In response, defendant points to the language of the Renegotiation Act, declaring Congressional policy to be the elimination of “excessive profits”, not “unreasonable prices”, and to various expressions in the relevant legislative history to convincingly demonstrate that in the statutory context of renegotiation a price cannot be deemed reasonable if it yields the seller an excessive profit. The referenced ASPR does not impugn the validity of that principle in the area of procurement policy. Its message is just that a price does not become a reasonable one for the Government to pay simply because it is thought to yield the seller only a minimal profit. Total price of the end-product is of course the standard of competition in all markets, including those created by Government demand. Paul v. United States, 371 U.S. 245, 250-253 (1963).

Conceding that plaintiff is due some credit in both of the review years for contribution to the defense effort and in the second review year for efficiency, under the so-called statutory factors dealing with those matters [50 U.S.C. App. § 1213(e) (4)], defendant relies basically on a comparison of plaintiff’s profit performance in the review years with that of the year immediately preceding them to carry its burden of proving the existence and extent of excessive profits. Lykes Bros. S.S. Co. v. United States, 198 Ct. Cl. 312, 327, 330, 459 F. 2d 1393, 1401-1403 (1972).

Understandably, in view of the dramatic profit increase in the review years, but not persuasively, plantiff vigorously attempts to discredit the significance of a contractor’s past performance in gauging the question of excessive profits for a current period. The question, of course, is not whether the permissible amount of a contractor’s present-day profits is to be straitj acketed by his own prior experience but whether that experience is cognizable as a general benchmark from which adjustments appropriate under the various statutory factors are to be made.

Because plaintiff’s operations during the review years are distinguishable from those of its entire previous business history only by substantial differences in volume, the selection of a profile of profit normalcy from that earlier history is particularly apt in this instance.

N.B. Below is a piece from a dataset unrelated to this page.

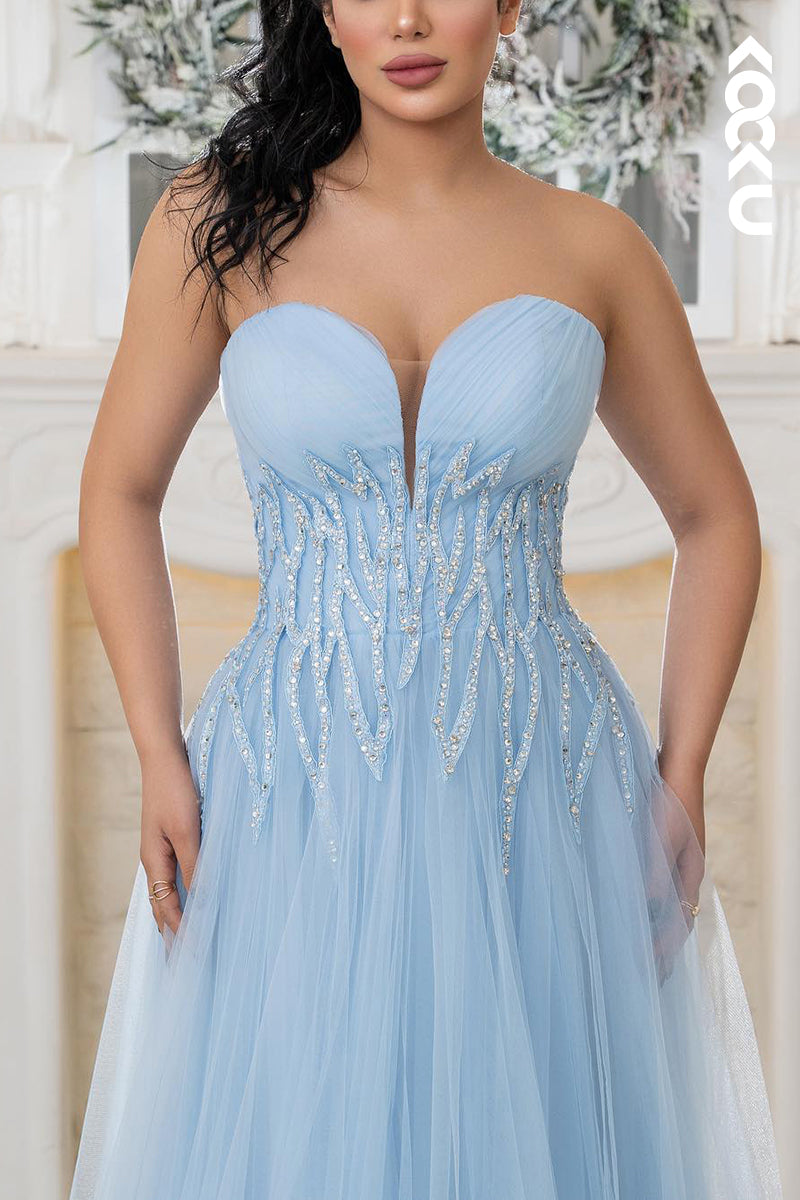 L1882 - Sweetheart Strapless Beaded Ruched Tulle A-Line Long Evening Dress - Fashionpara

The Act directs that “In determining excessive profits * * * there shall be taken into consideration * * * [Reasonableness of costs and profits, with particular regard to volume of production, normal earnings, and comparison of war and peacetime products, * * * .” 50 U.S.C. App. § 1213(e)(1). Regarding the relevance of a profitability norm in the contractor’s own prior history, the Board’s interpretive regulation provides: “Comparison will be made with the contractor’s own costs and profits in previous years and with current costs and profits of other contractors, if such information is available.” 32 C.F.R. § 1460.10(b) (1) (1974). Informed observers and practitioners have long recognized the soundness of looking to the contractor’s own prior experience as an indication of the starting point to which should be made those adjustments, designated by statute and regulation, necessary to compensate for such differing functional and economic factors as significantly affect profits in the period under review. Senate Hearings on Sec. 403 of Pub. L. 528 (To Amend Title YII of the Revenue Bill of 1943 — Renegotiation of Contracts) (1943) at 6; N. H. Jacoby & J. F. Weston, Profit Standards for Renegotiation, in PROCUREMENT AND PROFIT RENEGOTIATION, (1960) 121, note 19, at 144.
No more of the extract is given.